DeLorenzo v. Board of Review, Division of Employment Sec., Dept. of Labor and Industry
Decision Date | 01 July 1969 |
Parties | Virginia DeLORENZO, Plaintiff-Appellant, v. BOARD OF REVIEW, DIVISION OF EMPLOYMENT SECURITY, DEPARTMENT OF LABOR AND INDUSTRY, State of New Jersey, and M & S Knitwear, Defendants-Respondents. |
Court | New Jersey Supreme Court |
Sidney Reitman, Newark, for appellant (Irving Leuchter, Newark, of counsel, Kapelsohn, Lerner, Leuchter & Reitman, Newark, attorneys).
Edward A. Kaplan, Jersey City, for respondent Board of Review.
Claimant became ill from causes unrelated to her employment. She claimed and received unemployment compensation for a period after the termination of her illness. The Division of Unemployment Benefits thereafter determined she had been disqualified from receiving those benefits and had to refund them. The Appellate Division affirmed, 100 N.J.Super. 473, 242 A.2d 640 (1968), and we granted certification, 52 N.J. 165, 244 A.2d 297 (1968). After argument, we remanded the matter to the Board of Review, 53 N.J. 143, 249 A.2d 68 (1969), and now have before us the agency's new findings of fact and opinion.
N.J.S.A. 43:21--5(a) provides:
'An individual shall be disqualified for benefits:
(a) For the week in which he has left work voluntarily without good cause Attributable to such work, and for each week thereafter until he has earned in employment * * * at least 4 times his weekly benefit rate, * * *.'
The italicized words were added by amendment in 1961.
Claimant contends there is no disqualification unless the quit was (1) voluntary And (2) 'without good cause attributable to such work.' Hence, claimant argues, if an employee's quit was Involuntary in fact, there is no disqualification whether or not the cause for the quit was related to the work. So, if claimant quit her job because of an illness which precluded resumption of that job, the quit was compelled and therefore involuntary, and hence the first essential element of disqualification, I.e., a Voluntary quit, did not exist even though the cause for that quit was not 'attributable to such work.' The Appellate Division disagreed, and following Stauhs v. Bd. of Review, 93 N.J.Super. 451, 226 A.2d 182 (App.Div.1967), held that a quit for a cause not 'attributable to such work' was Voluntary within the sense of the disqualifying clause as amended in 1961. We agree. The sense of the statute is to differentiate between (1) a voluntary quit with good cause attributable to the work and (2) a voluntary quit without good cause attributable to the work.

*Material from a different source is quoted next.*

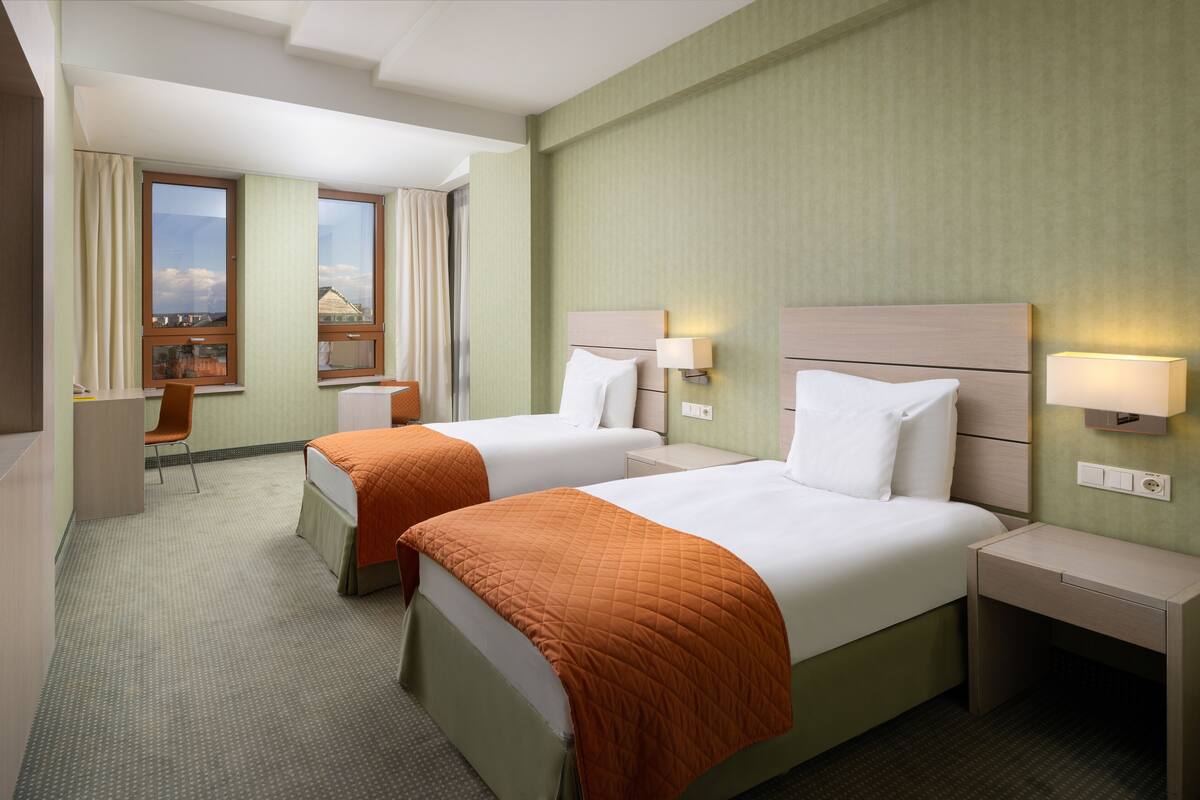 Une chambre d’hôtel avec deux lits, un bureau, une chaise et une fenêtre avec des rideaux.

But the statute disqualifies an employee who has quit, I.e., who 'has left work,' and we could not tell whether the finding of disqualification turned upon the proposition that a workman who becomes ill and unable to report to work thereby 'has left work' even though the employee intends to resume the job upon his recovery. Hence we remanded the matter in these terms, 53 N.J. at 146, 249 A.2d at 69.